Requirement: Entries below include pictures. Output exactly the lines from the one with "Quality Modern Glass" down to the one with "Grizzly bear attack on backcountry trail", both ends included, and leave the pictures out.

Provided entries:
···
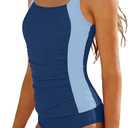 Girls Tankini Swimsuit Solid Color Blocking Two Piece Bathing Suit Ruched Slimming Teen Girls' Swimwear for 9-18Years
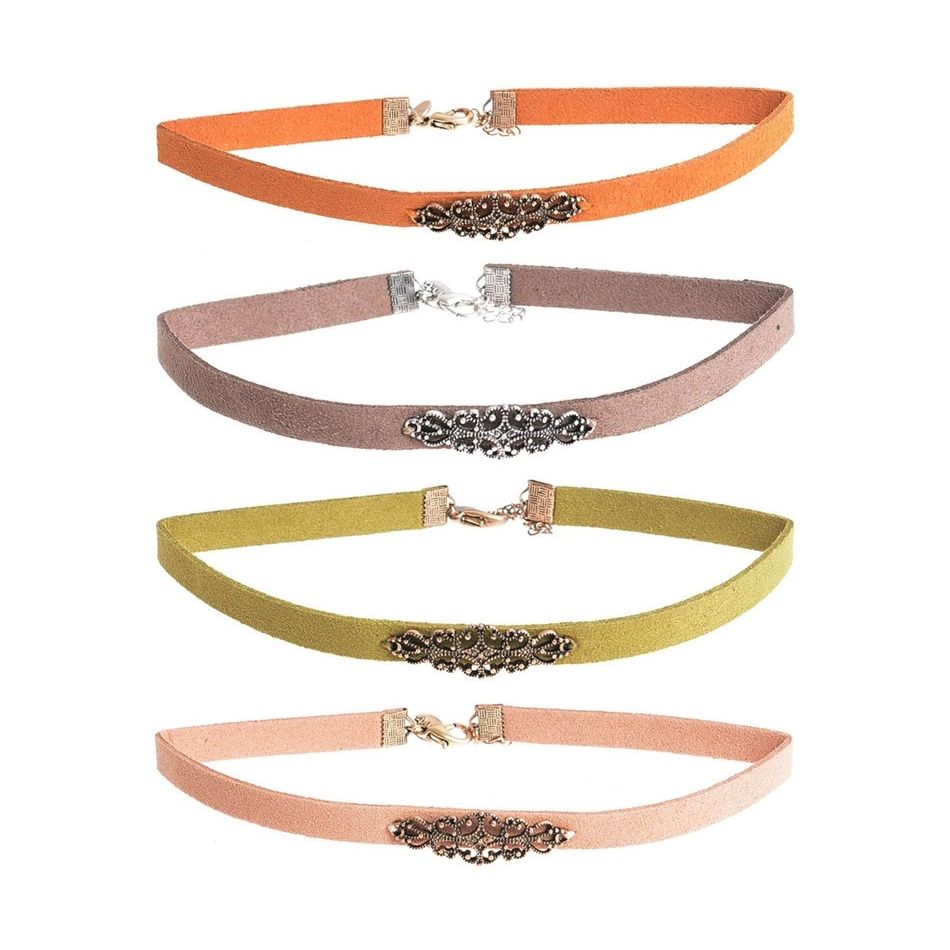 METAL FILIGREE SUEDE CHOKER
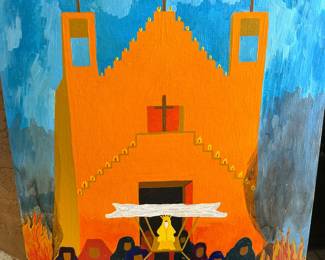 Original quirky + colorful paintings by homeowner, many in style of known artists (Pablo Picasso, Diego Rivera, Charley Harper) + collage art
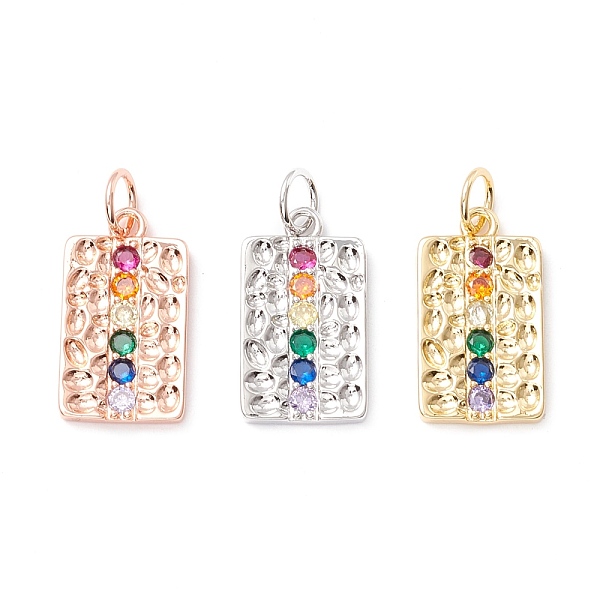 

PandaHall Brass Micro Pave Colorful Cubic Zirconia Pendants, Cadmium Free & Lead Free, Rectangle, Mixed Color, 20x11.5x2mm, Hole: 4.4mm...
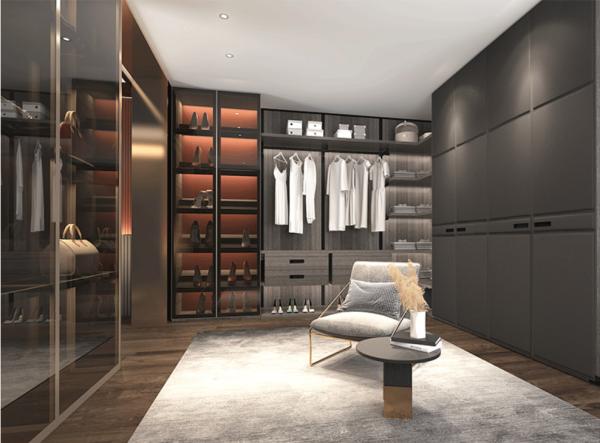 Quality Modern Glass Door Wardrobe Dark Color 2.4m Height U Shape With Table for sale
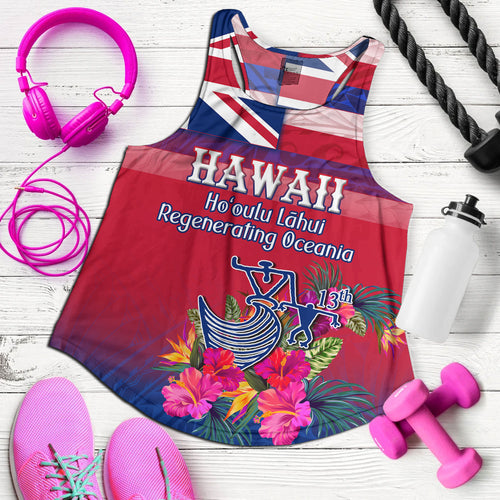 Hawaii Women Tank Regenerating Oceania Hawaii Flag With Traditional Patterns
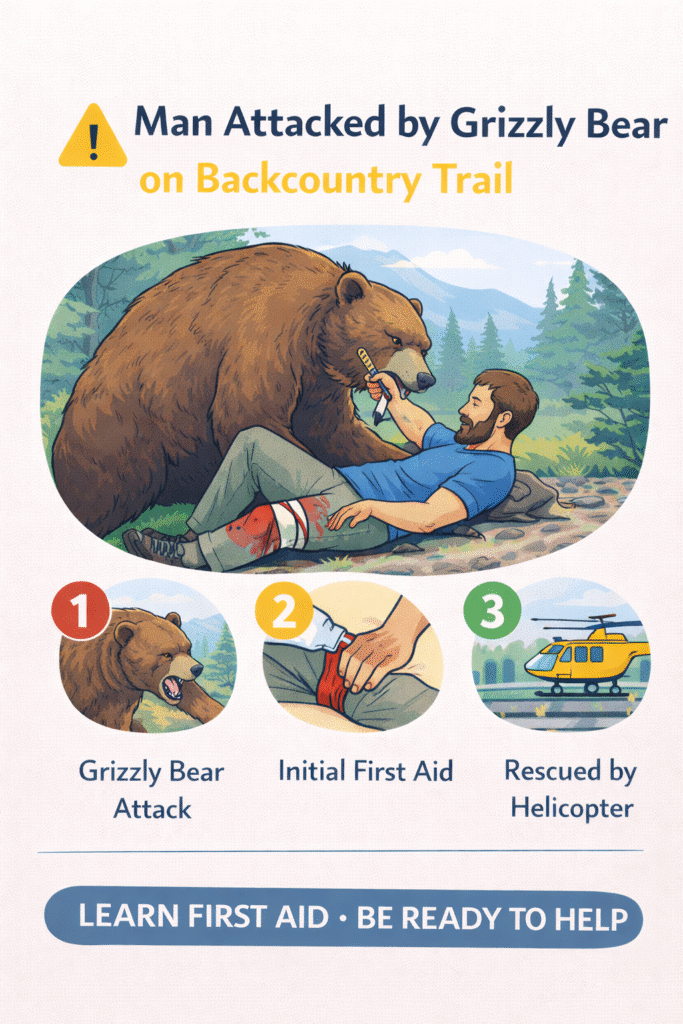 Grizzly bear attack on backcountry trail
···
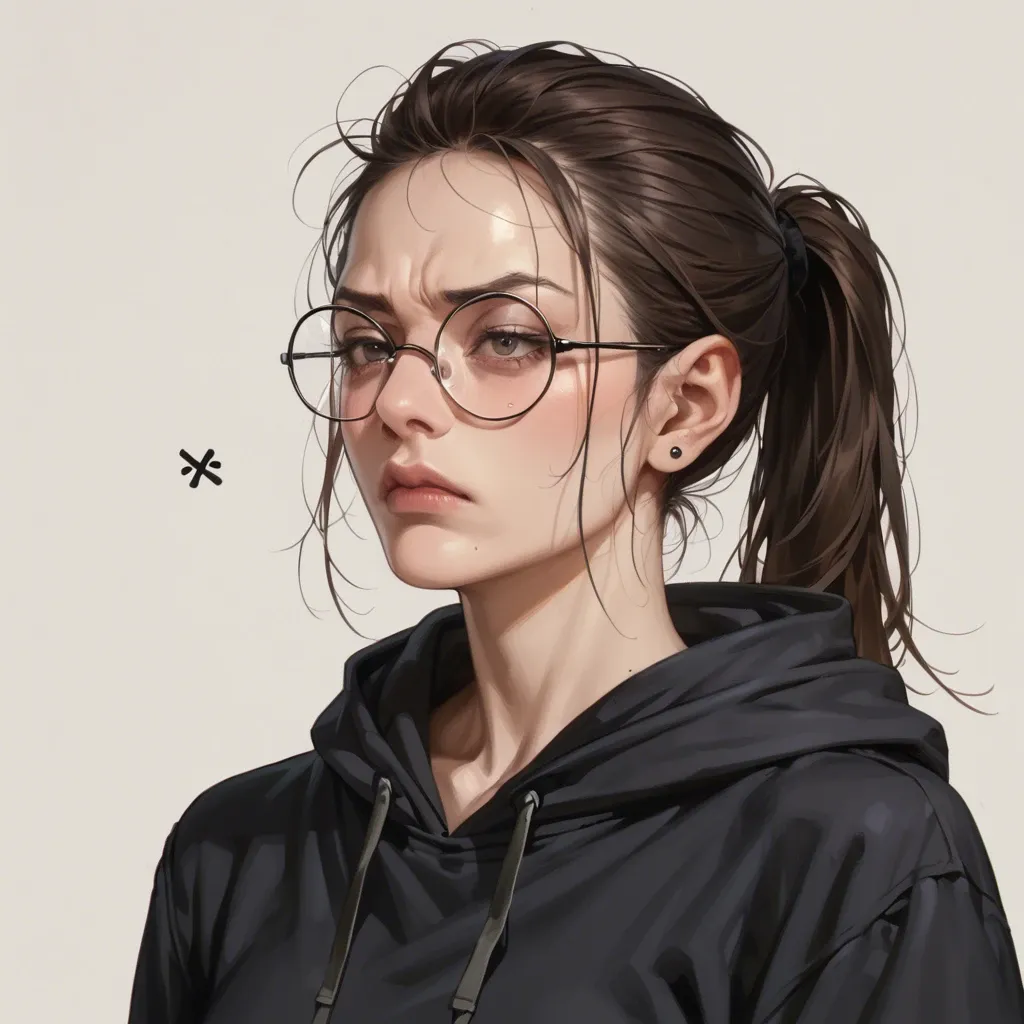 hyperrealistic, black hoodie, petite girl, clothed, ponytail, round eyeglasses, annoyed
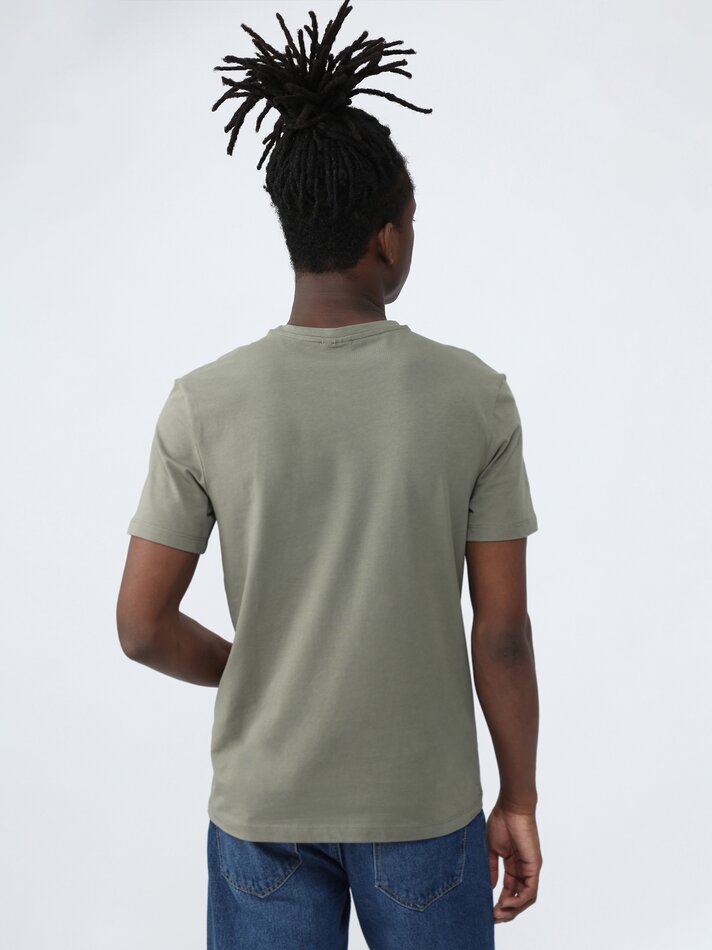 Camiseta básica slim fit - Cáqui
···
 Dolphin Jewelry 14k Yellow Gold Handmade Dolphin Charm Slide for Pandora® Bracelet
···
Written answer:
 Quality Modern Glass Door Wardrobe Dark Color 2.4m Height U Shape With Table for sale
 Hawaii Women Tank Regenerating Oceania Hawaii Flag With Traditional Patterns
 Grizzly bear attack on backcountry trail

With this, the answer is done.